Beginning with the line that holds "В целом, все" in the data below, give again every line through the one that holds "台股慘跌2000點！吳怡霈看傻曝爸爸「玩股票幾十年沒見過」急吐這4字", exactly as written.

Segment Open

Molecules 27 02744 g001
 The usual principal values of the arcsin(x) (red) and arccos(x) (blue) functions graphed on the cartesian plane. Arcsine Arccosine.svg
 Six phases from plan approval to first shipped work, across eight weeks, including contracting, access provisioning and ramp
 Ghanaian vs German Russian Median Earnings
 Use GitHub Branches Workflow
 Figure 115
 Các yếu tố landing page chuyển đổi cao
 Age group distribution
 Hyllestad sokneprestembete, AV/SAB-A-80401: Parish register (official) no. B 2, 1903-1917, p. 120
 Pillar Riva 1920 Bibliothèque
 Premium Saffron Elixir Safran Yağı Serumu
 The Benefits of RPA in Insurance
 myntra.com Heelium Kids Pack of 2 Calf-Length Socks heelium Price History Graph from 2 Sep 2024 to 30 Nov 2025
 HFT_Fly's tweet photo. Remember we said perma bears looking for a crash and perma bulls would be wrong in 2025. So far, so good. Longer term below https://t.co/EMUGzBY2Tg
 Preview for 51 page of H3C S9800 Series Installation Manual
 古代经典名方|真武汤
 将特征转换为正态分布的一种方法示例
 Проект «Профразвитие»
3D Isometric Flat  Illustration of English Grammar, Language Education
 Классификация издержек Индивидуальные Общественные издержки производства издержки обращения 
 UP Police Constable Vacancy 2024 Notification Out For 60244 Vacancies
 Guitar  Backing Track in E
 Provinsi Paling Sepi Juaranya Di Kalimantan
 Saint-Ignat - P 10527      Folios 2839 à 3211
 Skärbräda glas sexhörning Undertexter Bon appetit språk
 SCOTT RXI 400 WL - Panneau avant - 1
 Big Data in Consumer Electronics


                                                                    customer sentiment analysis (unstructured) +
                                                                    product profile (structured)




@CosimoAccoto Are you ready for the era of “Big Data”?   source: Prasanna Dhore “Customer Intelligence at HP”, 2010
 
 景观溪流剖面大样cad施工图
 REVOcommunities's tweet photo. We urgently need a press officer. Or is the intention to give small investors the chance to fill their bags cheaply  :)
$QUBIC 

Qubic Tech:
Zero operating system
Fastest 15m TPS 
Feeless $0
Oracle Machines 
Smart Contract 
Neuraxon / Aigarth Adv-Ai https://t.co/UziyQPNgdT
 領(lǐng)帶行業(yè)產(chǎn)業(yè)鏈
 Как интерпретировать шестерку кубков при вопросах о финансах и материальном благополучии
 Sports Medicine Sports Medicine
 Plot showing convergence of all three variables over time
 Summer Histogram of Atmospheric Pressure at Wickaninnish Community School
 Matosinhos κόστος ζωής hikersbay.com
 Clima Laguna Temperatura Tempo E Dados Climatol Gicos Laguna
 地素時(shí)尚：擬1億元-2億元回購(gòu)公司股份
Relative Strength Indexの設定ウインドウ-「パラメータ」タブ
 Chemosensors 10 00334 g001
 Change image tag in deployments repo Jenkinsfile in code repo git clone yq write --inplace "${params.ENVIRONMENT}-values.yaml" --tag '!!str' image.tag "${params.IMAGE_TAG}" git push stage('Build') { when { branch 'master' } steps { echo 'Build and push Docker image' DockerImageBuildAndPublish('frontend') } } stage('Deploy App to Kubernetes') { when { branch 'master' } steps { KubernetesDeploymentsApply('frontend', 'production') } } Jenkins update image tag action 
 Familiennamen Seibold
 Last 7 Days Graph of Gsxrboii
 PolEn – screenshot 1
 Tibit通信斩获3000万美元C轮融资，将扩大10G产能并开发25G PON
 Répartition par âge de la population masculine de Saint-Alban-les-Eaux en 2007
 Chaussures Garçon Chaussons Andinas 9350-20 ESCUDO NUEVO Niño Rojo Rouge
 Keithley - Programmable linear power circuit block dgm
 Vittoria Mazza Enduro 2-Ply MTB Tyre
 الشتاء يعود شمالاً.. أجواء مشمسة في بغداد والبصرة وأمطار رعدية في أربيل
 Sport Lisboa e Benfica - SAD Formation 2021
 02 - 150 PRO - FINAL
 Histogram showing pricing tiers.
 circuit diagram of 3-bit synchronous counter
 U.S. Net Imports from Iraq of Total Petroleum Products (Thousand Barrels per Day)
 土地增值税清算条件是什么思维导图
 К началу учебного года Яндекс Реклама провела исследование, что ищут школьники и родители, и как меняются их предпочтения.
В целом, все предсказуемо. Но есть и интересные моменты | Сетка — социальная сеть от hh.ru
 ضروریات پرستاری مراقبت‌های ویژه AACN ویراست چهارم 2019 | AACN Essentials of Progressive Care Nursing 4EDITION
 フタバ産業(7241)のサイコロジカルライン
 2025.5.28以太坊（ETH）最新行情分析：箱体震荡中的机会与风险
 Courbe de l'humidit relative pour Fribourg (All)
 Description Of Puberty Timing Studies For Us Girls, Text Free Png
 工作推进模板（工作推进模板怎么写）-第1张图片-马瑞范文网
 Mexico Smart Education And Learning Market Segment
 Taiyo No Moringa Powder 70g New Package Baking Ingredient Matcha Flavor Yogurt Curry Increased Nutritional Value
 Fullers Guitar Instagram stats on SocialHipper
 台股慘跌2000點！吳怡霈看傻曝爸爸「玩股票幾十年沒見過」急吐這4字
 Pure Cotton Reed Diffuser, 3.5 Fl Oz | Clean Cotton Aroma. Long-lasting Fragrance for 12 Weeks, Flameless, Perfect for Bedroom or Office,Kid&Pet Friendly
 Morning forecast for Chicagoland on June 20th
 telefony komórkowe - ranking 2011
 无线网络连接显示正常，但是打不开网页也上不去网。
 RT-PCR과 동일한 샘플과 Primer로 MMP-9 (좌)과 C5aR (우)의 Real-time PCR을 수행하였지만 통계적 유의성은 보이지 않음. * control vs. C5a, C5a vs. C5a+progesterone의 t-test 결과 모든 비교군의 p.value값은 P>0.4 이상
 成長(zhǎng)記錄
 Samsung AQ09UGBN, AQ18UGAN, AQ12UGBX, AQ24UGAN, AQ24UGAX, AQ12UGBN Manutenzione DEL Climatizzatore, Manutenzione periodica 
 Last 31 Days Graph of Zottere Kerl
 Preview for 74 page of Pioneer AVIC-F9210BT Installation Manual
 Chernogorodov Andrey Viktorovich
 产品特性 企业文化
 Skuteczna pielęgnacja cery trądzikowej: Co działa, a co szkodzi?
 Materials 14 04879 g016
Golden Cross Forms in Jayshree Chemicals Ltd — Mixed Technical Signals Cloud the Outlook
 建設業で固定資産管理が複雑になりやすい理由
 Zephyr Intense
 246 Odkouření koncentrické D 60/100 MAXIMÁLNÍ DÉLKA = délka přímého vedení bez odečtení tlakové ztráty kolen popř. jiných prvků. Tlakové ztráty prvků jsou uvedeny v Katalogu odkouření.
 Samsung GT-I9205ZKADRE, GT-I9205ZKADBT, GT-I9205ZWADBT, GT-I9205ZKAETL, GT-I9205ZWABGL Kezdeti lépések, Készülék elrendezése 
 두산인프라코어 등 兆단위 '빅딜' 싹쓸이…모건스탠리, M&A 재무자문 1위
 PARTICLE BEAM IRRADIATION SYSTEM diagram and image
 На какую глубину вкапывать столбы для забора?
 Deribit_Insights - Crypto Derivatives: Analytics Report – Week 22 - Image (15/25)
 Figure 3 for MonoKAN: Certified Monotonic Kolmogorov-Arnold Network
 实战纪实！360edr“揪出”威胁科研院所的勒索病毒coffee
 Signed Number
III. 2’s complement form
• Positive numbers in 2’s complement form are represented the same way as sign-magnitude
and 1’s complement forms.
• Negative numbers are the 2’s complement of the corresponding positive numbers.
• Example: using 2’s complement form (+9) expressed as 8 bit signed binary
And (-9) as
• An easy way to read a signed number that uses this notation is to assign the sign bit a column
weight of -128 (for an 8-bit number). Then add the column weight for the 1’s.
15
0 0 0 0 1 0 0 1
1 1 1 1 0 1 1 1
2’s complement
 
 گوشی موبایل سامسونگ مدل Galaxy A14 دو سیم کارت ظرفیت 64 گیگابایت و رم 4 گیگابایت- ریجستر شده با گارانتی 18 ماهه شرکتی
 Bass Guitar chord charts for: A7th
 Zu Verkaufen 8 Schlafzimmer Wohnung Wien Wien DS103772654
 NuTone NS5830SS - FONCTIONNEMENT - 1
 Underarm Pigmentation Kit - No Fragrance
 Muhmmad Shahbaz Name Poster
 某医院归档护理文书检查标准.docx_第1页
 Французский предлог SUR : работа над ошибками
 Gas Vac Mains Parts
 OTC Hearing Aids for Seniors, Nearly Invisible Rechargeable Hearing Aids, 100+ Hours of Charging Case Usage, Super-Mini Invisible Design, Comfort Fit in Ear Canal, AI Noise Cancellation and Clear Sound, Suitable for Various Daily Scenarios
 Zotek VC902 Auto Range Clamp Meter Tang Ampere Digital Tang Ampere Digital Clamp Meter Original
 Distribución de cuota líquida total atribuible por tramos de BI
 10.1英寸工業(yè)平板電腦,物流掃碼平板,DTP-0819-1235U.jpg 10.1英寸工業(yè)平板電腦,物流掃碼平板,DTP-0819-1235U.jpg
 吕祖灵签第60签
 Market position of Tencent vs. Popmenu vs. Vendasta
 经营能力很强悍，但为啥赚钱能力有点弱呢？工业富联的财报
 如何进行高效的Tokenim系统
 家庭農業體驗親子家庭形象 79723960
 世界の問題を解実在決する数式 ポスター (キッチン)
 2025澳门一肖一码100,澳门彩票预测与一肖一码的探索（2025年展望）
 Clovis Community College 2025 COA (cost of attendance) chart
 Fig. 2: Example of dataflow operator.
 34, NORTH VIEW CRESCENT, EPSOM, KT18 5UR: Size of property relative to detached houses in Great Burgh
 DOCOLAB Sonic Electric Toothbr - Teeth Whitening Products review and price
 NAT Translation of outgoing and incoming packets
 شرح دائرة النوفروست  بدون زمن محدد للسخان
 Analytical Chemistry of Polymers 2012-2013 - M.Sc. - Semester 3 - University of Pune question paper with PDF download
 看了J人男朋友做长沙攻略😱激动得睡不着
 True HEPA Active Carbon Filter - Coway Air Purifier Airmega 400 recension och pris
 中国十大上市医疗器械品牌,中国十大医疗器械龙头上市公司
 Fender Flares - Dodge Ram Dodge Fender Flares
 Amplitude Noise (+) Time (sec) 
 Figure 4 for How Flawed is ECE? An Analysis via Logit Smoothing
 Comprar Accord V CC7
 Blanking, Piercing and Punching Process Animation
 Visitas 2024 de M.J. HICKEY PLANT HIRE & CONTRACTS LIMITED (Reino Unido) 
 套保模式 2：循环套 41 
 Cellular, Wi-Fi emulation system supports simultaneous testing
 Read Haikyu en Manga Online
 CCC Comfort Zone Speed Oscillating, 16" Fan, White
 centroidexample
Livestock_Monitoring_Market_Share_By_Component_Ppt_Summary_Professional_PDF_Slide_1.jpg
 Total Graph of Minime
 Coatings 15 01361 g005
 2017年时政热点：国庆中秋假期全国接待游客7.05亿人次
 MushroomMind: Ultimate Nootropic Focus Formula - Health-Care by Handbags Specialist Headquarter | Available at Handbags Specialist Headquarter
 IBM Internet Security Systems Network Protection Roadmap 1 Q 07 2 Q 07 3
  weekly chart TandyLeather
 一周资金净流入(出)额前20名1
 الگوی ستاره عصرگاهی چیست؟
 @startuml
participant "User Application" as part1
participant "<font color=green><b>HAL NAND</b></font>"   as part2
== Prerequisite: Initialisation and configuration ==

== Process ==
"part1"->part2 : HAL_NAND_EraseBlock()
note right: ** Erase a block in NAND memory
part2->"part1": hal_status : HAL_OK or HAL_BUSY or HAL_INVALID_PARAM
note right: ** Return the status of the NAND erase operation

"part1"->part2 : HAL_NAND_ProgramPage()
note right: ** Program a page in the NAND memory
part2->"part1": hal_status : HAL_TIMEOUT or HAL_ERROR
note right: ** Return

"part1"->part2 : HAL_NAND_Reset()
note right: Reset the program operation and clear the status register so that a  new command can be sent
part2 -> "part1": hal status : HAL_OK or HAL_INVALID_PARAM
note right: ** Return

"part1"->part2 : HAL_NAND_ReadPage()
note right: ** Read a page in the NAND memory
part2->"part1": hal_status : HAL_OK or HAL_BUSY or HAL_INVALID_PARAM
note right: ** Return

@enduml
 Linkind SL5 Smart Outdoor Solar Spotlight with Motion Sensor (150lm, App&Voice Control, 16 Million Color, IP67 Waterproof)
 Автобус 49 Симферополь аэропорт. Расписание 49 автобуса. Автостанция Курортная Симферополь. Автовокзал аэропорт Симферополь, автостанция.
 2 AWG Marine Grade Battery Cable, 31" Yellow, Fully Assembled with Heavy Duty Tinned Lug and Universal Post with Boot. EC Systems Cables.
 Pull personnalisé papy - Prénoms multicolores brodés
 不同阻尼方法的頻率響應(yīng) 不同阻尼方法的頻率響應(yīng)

Segment Closed

## [Expected answer]
В целом, все предсказуемо. Но есть и интересные моменты | Сетка — социальная сеть от hh.ru
 ضروریات پرستاری مراقبت‌های ویژه AACN ویراست چهارم 2019 | AACN Essentials of Progressive Care Nursing 4EDITION
 フタバ産業(7241)のサイコロジカルライン
 2025.5.28以太坊（ETH）最新行情分析：箱体震荡中的机会与风险
 Courbe de l'humidit relative pour Fribourg (All)
 Description Of Puberty Timing Studies For Us Girls, Text Free Png
 工作推进模板（工作推进模板怎么写）-第1张图片-马瑞范文网
 Mexico Smart Education And Learning Market Segment
 Taiyo No Moringa Powder 70g New Package Baking Ingredient Matcha Flavor Yogurt Curry Increased Nutritional Value
 Fullers Guitar Instagram stats on SocialHipper
 台股慘跌2000點！吳怡霈看傻曝爸爸「玩股票幾十年沒見過」急吐這4字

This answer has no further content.